Lessons from That Old House

There’s been a great deal of drama (and a fair share of comedy) in my neighborhood this week. We’ve had news crews camped out and helicopters circling overhead. Residents have set up lawn chairs to watch the story progress. Or not progress, as it turned out. And it’s all because of what everyone’s calling “that old house.”

It seems the Wills family sold some property they owned in a commercial corridor. On that property was an old farmhouse listed on the National Register of Historic Places. To save the family home, they decided to move it onto a residential lot they own about a mile away.
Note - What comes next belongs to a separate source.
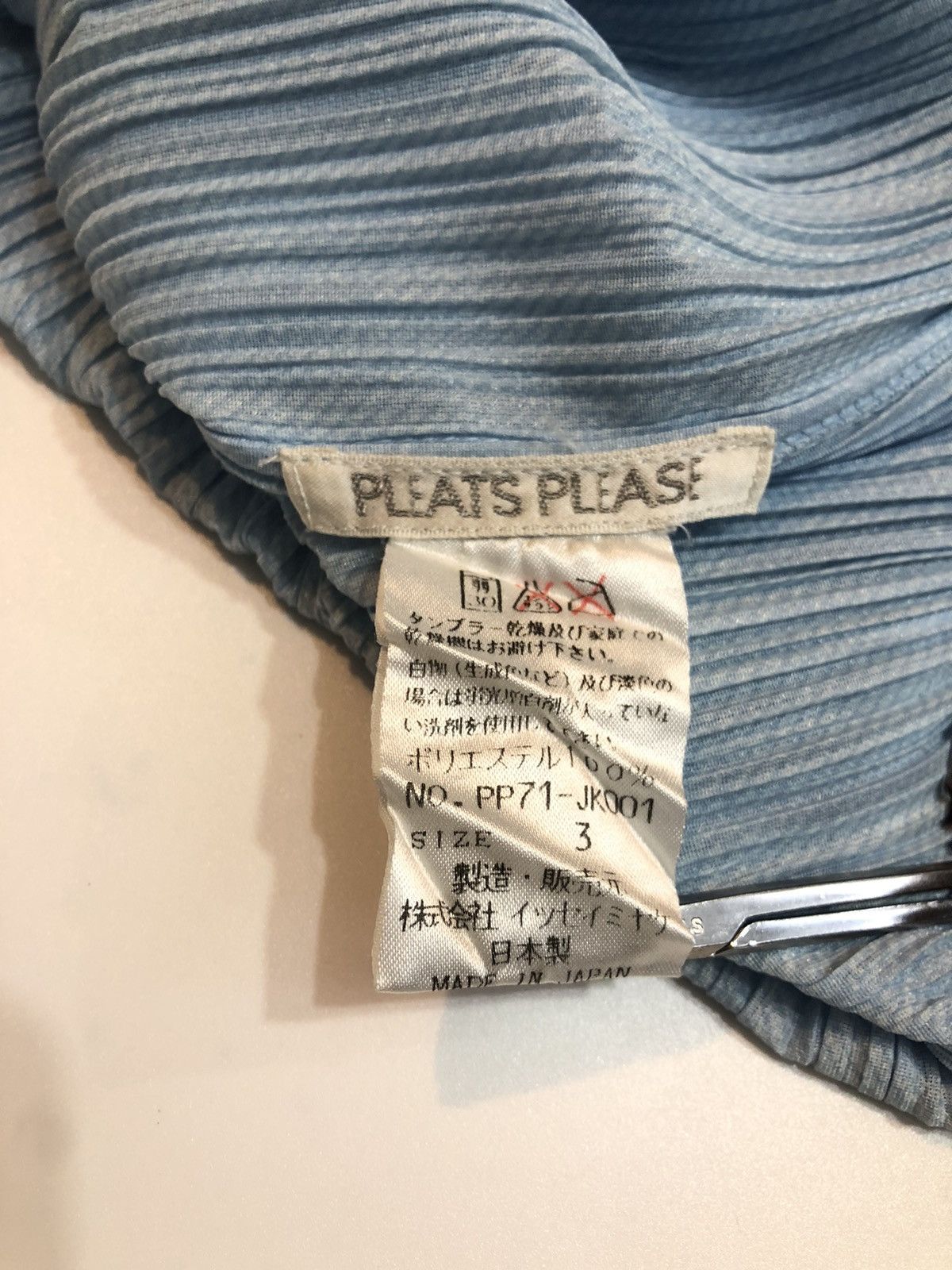 Pleats Please Issey Miyake Pleats Please by Issey Miyake Longsleeves Size S / US 4 / IT 40 - 3 Thumbnail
map routes for kirby farm house move

As you can see from the map, there were two possible options. The blue route would take them down a wide, heavily traveled road and would likely require the temporary removal of two sets of traffic signals. The gray route would take them through a subdivision with wide streets. The chose the gray route to minimize “inconvenience.”

The map shows it to be a 3-minute trip either way by car (21 minutes walking, unless you’re me and then it takes about 18 minutes), but naturally you expect it to take longer when you’re hauling a house. A couple hours? A half-day, at most. NO ONE expected it to take three days.
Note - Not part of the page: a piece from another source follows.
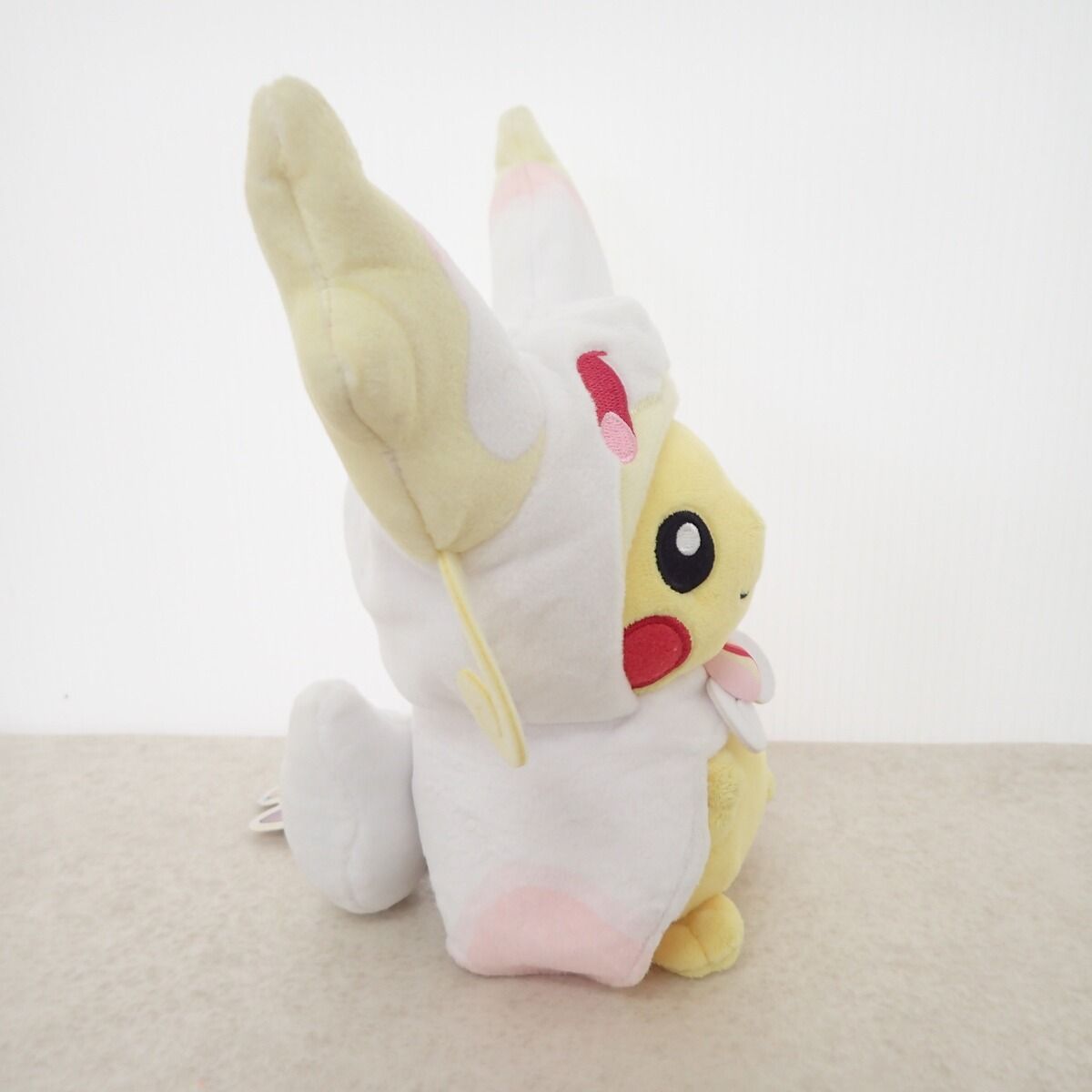 ポケモンセンター ぬいぐるみ メガタブンネのポンチョを着たピカチュウ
Getting started was the first problem the movers encountered. That old house was adjacent to some railroad tracks, and for a short time, the house was stuck ON the tracks.
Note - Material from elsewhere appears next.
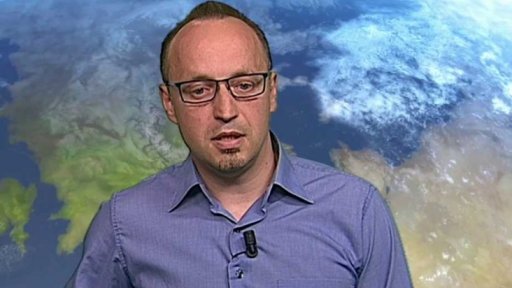 Utrpení asijských uprchlíků + rozhovor s J. Schrothem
Once they cleared it and made the wide turn into the subdivision, the truck’s axle broke and the truck and house were left to block the street overnight. Thus ended Day 1.

The house moved about two blocks on day 2. I’m not sure who measured everything (it wasn’t me), but apparently trees, mailboxes, fire hydrants and streetlights were not taken into account. As the house inched (literally!) along, every obstacle had to be considered and cleared. This sometimes required chainsaws and jackhammers.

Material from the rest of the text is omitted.